The bad actors were much less prevalent back in the heyday of small phpBB style forums. I have run a forum of this type for 20 years now, since 2002. Around 2011 was when link spam got bad enough that I had to start writing my own bolt-on spam classifier and moderation tools instead of manually deleting spammer accounts. Captchas didn't help because most of the spam was posted by actual humans, not autonomous bots.
In the past 2 years fighting spam became too exhausting and I gave up on allowing new signups through software entirely. Now you have to email me explaining why you want an account and I'll manually create one for the approved requests. The world's internet users are now more numerous and less homogeneous than they were back when small forums dominated, and the worst 0.01% will ruin your site for the other 99.99% unless you invest a lot of effort into prevention.
Yep, if you're on the internet long enough you'll remember the days before you were portscanned constantly. You'll remember the days before legions of bots hammered at your HTTP server. You'd remember it was rare to have some kiddie DDOS your server off the internet and you had to hide behind a 3rd party provider like cloudflare.

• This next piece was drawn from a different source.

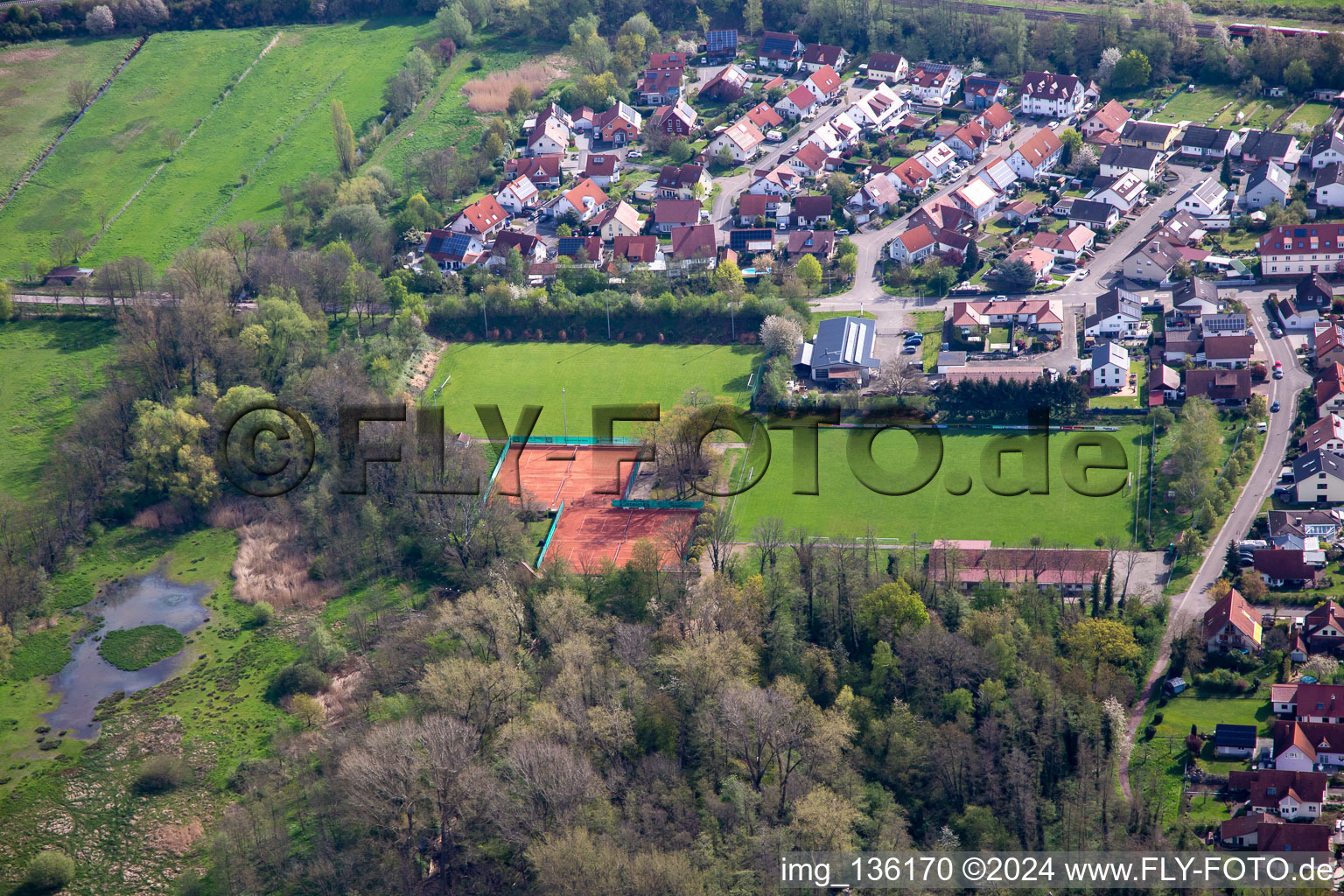 Vue aérienne de SF Germanie Winden 1919 e. v à Winden dans le département Rhénanie-Palatinat, Allemagne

That internet is long dead, hence discussions like Dead Internet Theory.
My mom still has a land-line. She gets multiple calls a day, robots trying to steal an old lady's money. For this we invented the telephone? the transistor?
phpBB forums have always been notorious for capricious bans based on the whims of mods and admins, it's just that getting banned from a website wasn't newsworthy 10 years ago.
As a moderator of one of such forums, all of the behavioural issues have been a staple there too. We always had to moderate not just spam, racism and insults, but also "that dude that rants about his pet peeve in every topic", "that dude that rants over Apple even in topics where someone is asking how to change keyboard layout in macos", "that dude that's obviously mentally ill" and many others.
It was always a job of ensuring a comfortable environment for the community gathering on the forum and it did require "censorship" beyond obvious to prevent a minority of users from souring the environment for everyone.
The problems didn't exist as much because people didn't usually come across communities they hated/disagreed with unless they were searching them out, and every community could set the standards it wanted to set. And I think that's where large social media sites can't work; they put a bunch of groups, many of which deeply disagree and dislike each other, on the same site/platform and have to try and keep the peace without said groups getting into flame wars and personal attacks 24/7.
Small, indepedently run communities could set their own standards, and those that who disagreed with any one set of rules could go and find somewhere more to their liking. Reddit and Discord have this to an extent, but even then, it's too centralised and too heavily controlled by one organisation.
Hopefully if Mastodon takes off, federated services will bring this style of community back, except with the ability to take part in other communities if people agree with that.
That's because they were small and often has strict rules (written or not), aka moderation, about how to behave. You don't remember massive problems because the bad actors were kicked off. It falls apart at scale and when everyone can't/won't agree on "good behavior" or "the rules" is/are.